Keep your family in the loop.
If you have a spouse, children, or both, be sure to keep them involved in your education. They’re your greatest support system, so they’ll want to know what is going on in your life. Bring them along to orientation and have a family meeting to explain how school is going to go and what may change in your lives, like how you need two hours of quiet time per day to study.
Look for financial assistance.
While there may not be as many scholarships available to non-traditional students as there are for 18-year-olds, there are some that only you are eligible for. There’s the Jeannette Rankin Scholarship for low-income women over the age of 35, the AARP Women’s Scholarship for women over the age of 40, and the Osher Reentry Scholarship for students who have been out of school for five or more years.
Try online school.
With the wide variety of degrees available online, you can earn a degree in just about any subject from the comfort of your own home. This can be a plus for busy moms who don’t want to waste time commuting to and from a brick and mortar school.
One thing to watch out for is the quality of your education. Some online schools have low credibility ratings, so look around at several schools and do your research before you enroll.
Start off slow.
If you’re not ready to dive right back into being a full-time student, that’s okay. You don’t want to overwhelm yourself at the beginning and then get burned out later, so if you feel like you should only take a class or two your first semester, do it. You can always start being full-time later, or you can stay as a part-time student and spread your classes out over a few more years to make more time for your job or family.
Brush up on your computer skills.
If you’re proud of yourself for being able to type an address in on Google Maps, you may need one of your kids to give you a lesson in current technology. That way, if you ever need to restart your hard drive, convert a Word document to a PDF, or upload something to the Cloud, you won’t be behind the rest of your class.
Yes, your day-to-day life is going to be different because you’re in school, but change is the reason you’re going back to school, right? These little changes, like having to skip the office social to work on a school project or missing Big Brother each week because that’s when your study group meets, will pay off in the end.
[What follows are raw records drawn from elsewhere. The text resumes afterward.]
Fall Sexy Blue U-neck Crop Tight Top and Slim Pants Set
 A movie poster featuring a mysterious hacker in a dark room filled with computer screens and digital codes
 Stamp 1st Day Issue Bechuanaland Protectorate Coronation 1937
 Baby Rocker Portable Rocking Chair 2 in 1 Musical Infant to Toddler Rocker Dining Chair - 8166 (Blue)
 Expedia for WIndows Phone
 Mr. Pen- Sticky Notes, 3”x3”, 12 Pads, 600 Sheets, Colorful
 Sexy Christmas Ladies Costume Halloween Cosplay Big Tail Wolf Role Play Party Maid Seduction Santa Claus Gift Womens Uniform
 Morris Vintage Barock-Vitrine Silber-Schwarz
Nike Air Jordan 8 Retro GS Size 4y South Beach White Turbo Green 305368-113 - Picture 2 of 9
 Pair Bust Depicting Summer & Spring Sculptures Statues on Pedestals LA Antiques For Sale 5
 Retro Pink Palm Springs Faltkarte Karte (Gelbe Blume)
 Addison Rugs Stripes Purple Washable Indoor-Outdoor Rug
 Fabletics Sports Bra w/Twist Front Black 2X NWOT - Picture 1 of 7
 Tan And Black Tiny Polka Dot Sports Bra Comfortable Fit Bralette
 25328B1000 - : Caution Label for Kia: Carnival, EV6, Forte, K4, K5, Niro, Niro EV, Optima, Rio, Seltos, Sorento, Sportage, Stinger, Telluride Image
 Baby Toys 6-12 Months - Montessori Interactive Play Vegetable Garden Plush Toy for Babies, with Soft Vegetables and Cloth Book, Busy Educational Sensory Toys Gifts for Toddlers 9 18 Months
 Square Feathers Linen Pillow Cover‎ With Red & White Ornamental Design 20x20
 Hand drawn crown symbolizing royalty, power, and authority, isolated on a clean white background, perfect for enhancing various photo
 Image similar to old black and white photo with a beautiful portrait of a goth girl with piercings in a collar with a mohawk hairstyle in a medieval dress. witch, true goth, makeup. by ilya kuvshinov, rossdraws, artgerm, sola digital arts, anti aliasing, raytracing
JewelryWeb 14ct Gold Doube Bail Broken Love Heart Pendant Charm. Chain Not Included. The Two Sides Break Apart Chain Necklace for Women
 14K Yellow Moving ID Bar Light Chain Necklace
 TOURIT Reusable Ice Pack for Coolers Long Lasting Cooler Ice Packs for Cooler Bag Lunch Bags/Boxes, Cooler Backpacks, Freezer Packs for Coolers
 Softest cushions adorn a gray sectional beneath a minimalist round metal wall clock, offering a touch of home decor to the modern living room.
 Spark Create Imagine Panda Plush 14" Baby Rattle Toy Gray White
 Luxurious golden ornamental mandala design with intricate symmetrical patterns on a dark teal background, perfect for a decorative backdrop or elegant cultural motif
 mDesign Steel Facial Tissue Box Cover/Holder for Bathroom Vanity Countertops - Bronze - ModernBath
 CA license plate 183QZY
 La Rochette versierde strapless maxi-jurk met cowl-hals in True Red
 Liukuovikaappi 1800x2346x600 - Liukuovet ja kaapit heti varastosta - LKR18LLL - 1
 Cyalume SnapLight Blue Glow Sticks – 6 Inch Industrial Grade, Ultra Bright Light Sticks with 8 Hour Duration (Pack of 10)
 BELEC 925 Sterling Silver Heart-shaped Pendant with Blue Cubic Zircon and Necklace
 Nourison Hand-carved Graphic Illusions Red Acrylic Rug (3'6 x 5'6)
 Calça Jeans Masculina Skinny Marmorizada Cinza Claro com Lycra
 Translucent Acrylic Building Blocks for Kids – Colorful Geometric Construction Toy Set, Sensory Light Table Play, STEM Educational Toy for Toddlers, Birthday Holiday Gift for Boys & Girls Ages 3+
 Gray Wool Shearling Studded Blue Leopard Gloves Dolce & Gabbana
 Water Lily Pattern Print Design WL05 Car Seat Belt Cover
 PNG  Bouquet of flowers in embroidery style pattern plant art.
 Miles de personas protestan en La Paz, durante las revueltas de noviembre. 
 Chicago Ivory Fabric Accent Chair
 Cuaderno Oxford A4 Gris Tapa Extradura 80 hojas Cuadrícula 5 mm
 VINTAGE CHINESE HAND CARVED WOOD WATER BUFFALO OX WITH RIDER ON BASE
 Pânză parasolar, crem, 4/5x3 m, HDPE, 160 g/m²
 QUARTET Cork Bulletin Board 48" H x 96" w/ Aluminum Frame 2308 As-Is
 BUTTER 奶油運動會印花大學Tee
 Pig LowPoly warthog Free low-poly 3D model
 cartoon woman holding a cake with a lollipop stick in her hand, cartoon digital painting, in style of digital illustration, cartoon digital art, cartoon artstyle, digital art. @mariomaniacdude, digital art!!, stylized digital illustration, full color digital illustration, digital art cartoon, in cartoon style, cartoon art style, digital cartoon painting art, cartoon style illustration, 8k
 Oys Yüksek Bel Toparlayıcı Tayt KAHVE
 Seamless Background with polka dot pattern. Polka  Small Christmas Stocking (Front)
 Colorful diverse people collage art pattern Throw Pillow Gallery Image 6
Once you have your degree in your hand, your life and earning potential will improve, and you won’t even remember all the small stuff you had to give up.
Have no fear.
The thought of going back to school can be daunting if it’s been quite a few years since you’ve picked up a textbook, but it’s only as scary as you make it out to be. Don’t be intimidated by the younger students in your class; you have a lot more figured out about life than they do (and they’ll probably actually be intimidated by you!). You have the experience and the drive to succeed, so don’t let anything stop you.